HbA1c might not be a reliable measurement of hyperglycemia in some patients with certain types of hematologic disorders, such as SCD.43, 44 Limited data have been published on the effect of such hemoglobinopathies on glycemic monitoring. Schnedl et al.44 reported that several hemoglobinopathies cause false HbA1c results. SCD causes the lifespan of the red blood cell to be shortened to approximately 10–14 days (the normal lifespan is approx120 days). The HbA1c measurement in a person with SCD would, therefore, not accurately reflect glycemic control over a 3 month period as normally expected, because the red blood cells do not have time to become glycosylated before being removed from circulation. Consequently, the measured HbA1c might be spuriously low. Serum fructosamine levels have been proposed as an appropriate laboratory measurement when monitoring long-term glycemic control in patients with diabetes mellitus and SCD.45, 46, 47 Moderately raised serum bilirubin concentrations do not cause any significant interference in the assay of fructosamine in such patients.46

The fructosamine test, a colorimetric assay, is now one of the most widely used tests used to assess glycemic control and corresponds well with the concentrations of glucose and HbA1c.47 A single measurement with this assay provides an assessment of glycemic control over the preceding 2–3 weeks.45, 46, 47, 48 Some limitations with the use of the fructosamine assay have been noted, including the short half-life of fructosamine, which might result in fructosamine being more susceptible to rapid changes in blood glucose, difficulty with standardization of the assay because albumin can be highly affected by disease states and drugs, and limited practical use for outpatient evaluations in which patients are seen at lengthy intervals of 3–6 months. Despite these limitations, it seems that fructosamine might be useful in monitoring glycemic control in patients with SCD, in whom there would be an overabundance of young erythrocytes.

Hypothyroidism

The reports of thyroid assessment in patients with SCD have been inconsistent. Abnormal thyroid function studies have been reported in patients with SCD9, 10, 12 or hemochromatosis.48 Male patients with the SS genotype had significantly lower endogenous T3 and higher TSH levels than a comparison group.49 Stimulation with TSH-releasing hormone showed increases in TSH that were significantly greater in SCD compared with controls and thus were suggestive of primary thyroidal failure.49

The etiology of thyroid dysfunction in SCD is not clear; however, most affected patients have received multiple transfusions consistent with severe iron overload. Autopsy reports in some patients have shown significant iron deposition in the thyroid gland, suggesting that the etiology of the primary thyroid failure might well be transfusional hemosiderosis and subsequent cellular damage to the thyroid gland.50

More-recent studies, however, have failed to show significant clinical abnormalities of the pituitary–thyroid axis. In a study of 90 children with homozygous SCD, 45 children with heterozygous sickle cell trait and 162 control (healthy) children, serum levels of endogenous T4, the in vitro T3 resin uptake (T3RU) and the calculated 'free thyroxine index' (T4 times T3RU) were not significantly different between the three groups.11 The T3RU indirectly measures the number of unoccupied protein binding sites for T4 and T3 in the serum. Low T3RU levels therefore correlate with states of elevated thyroid-binding globulin levels and high T3RU levels correlate with decreased thyroid-binding globulin levels. In situations where a free-T4 assay is not available, the free thyroxine index can be used to correct for variation in thyroid-binding globulin and the calculated result correlates well with the level of free T4 in the circulation.

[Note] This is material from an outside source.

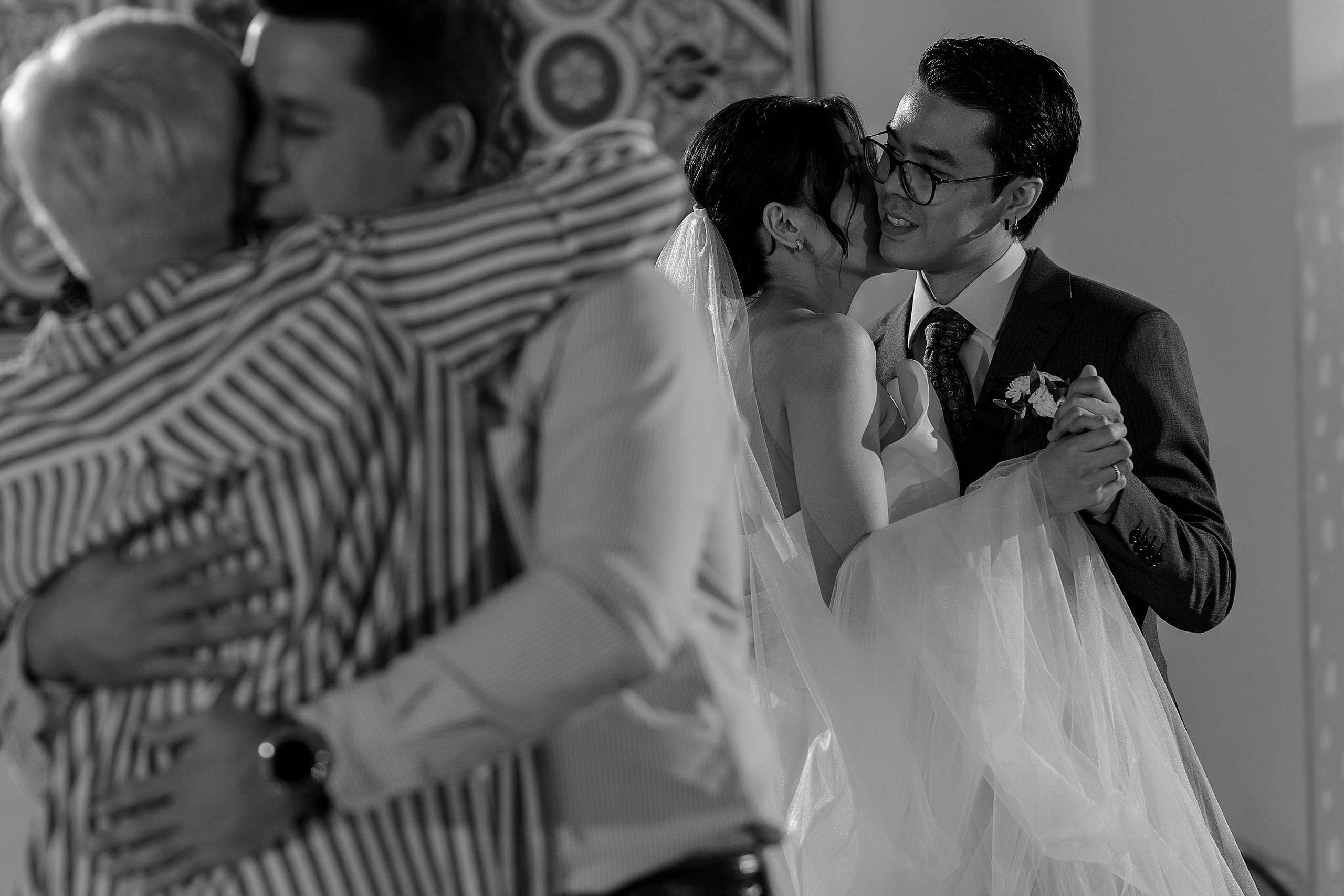 YEVGENIY & SALTANAT. Фотограф: Корнаковский А.Т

Body composition and energy expenditure

SCD is associated with a consistent pattern of anthropomorphic findings characterized by low lean body mass and fat mass.18, 19, 32 The combination of increased resting energy expenditure and nutritional factors accounts for many of the reported changes in body composition in children and adolescents with SCD. The effects of chronic illness, anemia, increased cardiac workload, hyperactive erythropoiesis, increased protein turnover, and inflammatory and oxidative stress all contribute to the hypermetabolic state in SCD.23, 27 In one study comparing measures of metabolism derived from indirect calorimetry and the doubly labeled water technique in children with SCD and matched healthy control subjects, the children with SCD had elevated resting energy expenditure but decreased activity-related energy expenditure.51 Elevated resting energy expenditure and lower activity-related energy expenditure, coupled with growth failure, strongly implicate chronic energy deficiency in children with SCD.

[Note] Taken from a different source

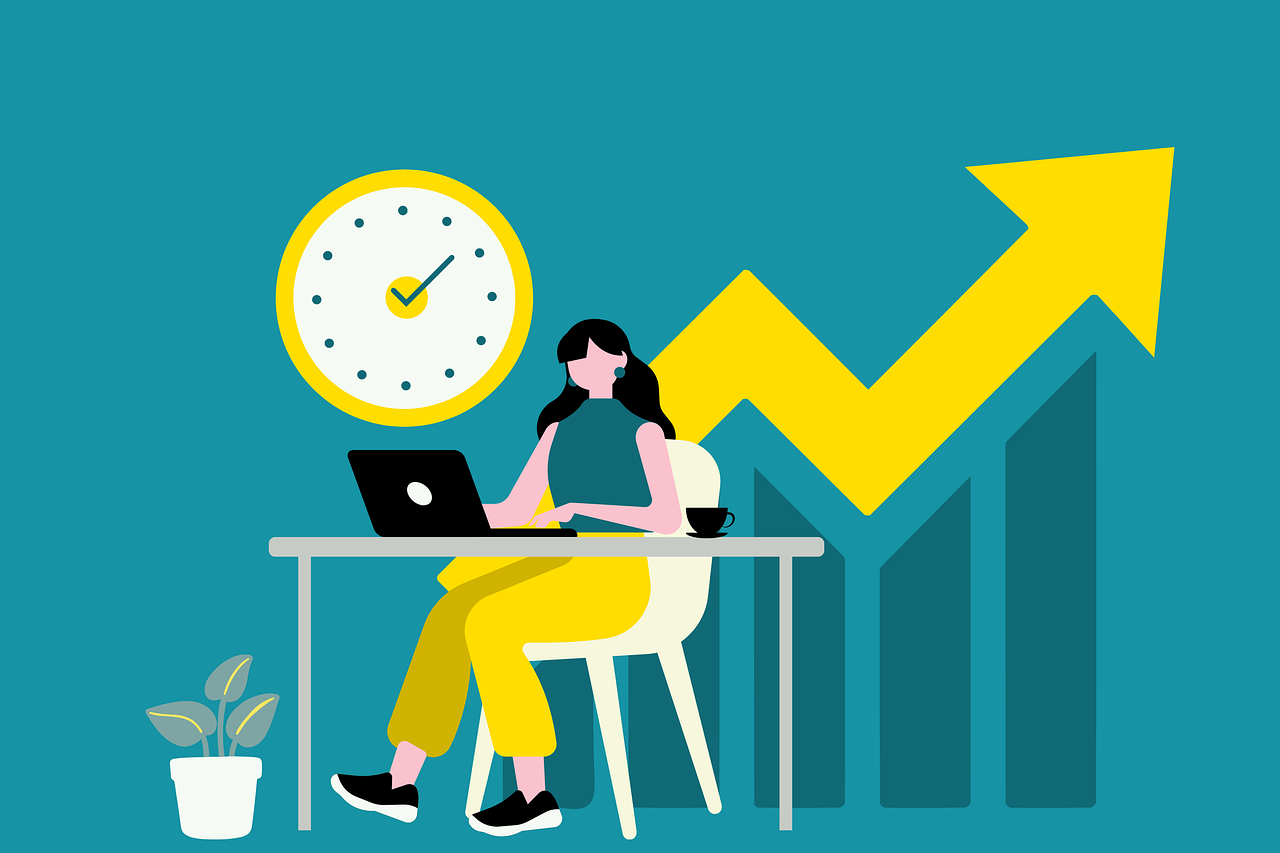 entdecken sie die vorteile des arbeitens von zu hause aus. erfahren sie, wie sie produktiv bleiben, ihre work-life-balance verbessern und die besten homeoffice-tipps nutzen können.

Barden et al. studied growth dynamics, nutritional status and body composition in 36 African American children with SCD and 30 healthy control children of similar age and ethnicity.19 Compared with control subjects, children with SCD had impaired growth, delayed skeletal maturation and significantly lower z-scores for weight, height, arm circumference, and upper arm fat and muscle areas. Low z-scores for upper arm fat area indicate subnormal fat stores and the low fat-free mass indicates muscle wasting and low protein stores. Contributory factors for these deficits include decreased appetite and food intake and increased energy expenditure due to hyperactive bone marrow and hypermetabolism.

Better management of nutritional needs and timely correction of endocrine deficiencies have been advocated as a means of improving adult height in children with SCD.18, 51, 52 In contrast to the findings in children and adolescents, a study of adult women with SCD indicated a disproportionately high amount of body fat for their BMI.53 It is thus possible that antecedent nutritional deficiency in childhood might predispose to excessive adiposity later in life.

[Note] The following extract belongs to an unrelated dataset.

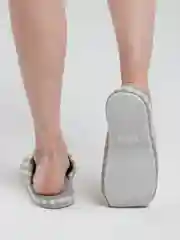 Красный тапочки домашние, женские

In addition to macronutrient deficits, deficiencies of zinc and other vitamins have been reported in SCD.54 Children with SCD have, furthermore, been shown to have partial fat and vitamin E malabsorption caused by decreased bile salt secretion.55 Low serum vitamin D status is prevalent in African American children with SCD.52, 56

Risk factors for hypovitaminosis D include inadequate sun exposure, impaired intestinal absorption of vitamin D, hepatic and renal abnormalities, and reduced intake of milk and dairy products because of lactose intolerance, among others. Because diffuse musculoskeletal aches and pains associated with vitamin D deficiency can be confused with or superimposed upon the classical bone pain crisis of SCD, it is imperative that physicians routinely evaluate and correct any vitamin D deficiency. Lastly, socioeconomic status should also be taken into account in addition to clinical factors when assessing nutritional status of patients with SCD and, in turn, the health care provider should tailor an adequate nutrition plan that is appropriate for the patient's financial limitations.

Bone mineral density

Low BMD has been reported in male and female children and adults with SCD.57, 58 In a study of 32 adults with SCD (mean age of 34 years), 72% had low BMD at one or more anatomic sites and 40% were classified as osteoporotic.58 The lumbar spine seems to be particularly susceptible to osteoporotic changes in patients with SCD, and there were significant correlations between low BMD and low BMI, male gender, and low serum zinc concentrations.58 Markers of bone formation are elevated whereas bone resorption is decreased in children with SCD compared with healthy children.58 Additional mechanisms and risk factors for osteopenia in SCD include delayed puberty and low accrual of peak bone mass, bone microinfarcts resulting from repeated sickling crises, chronic illness with immobilization, and calcium, vitamin D and other nutritional deficiencies.56, 59 Despite reports of pervasive osteopenia in SCD, data on fracture risk and effects of therapeutic interventions are lacking.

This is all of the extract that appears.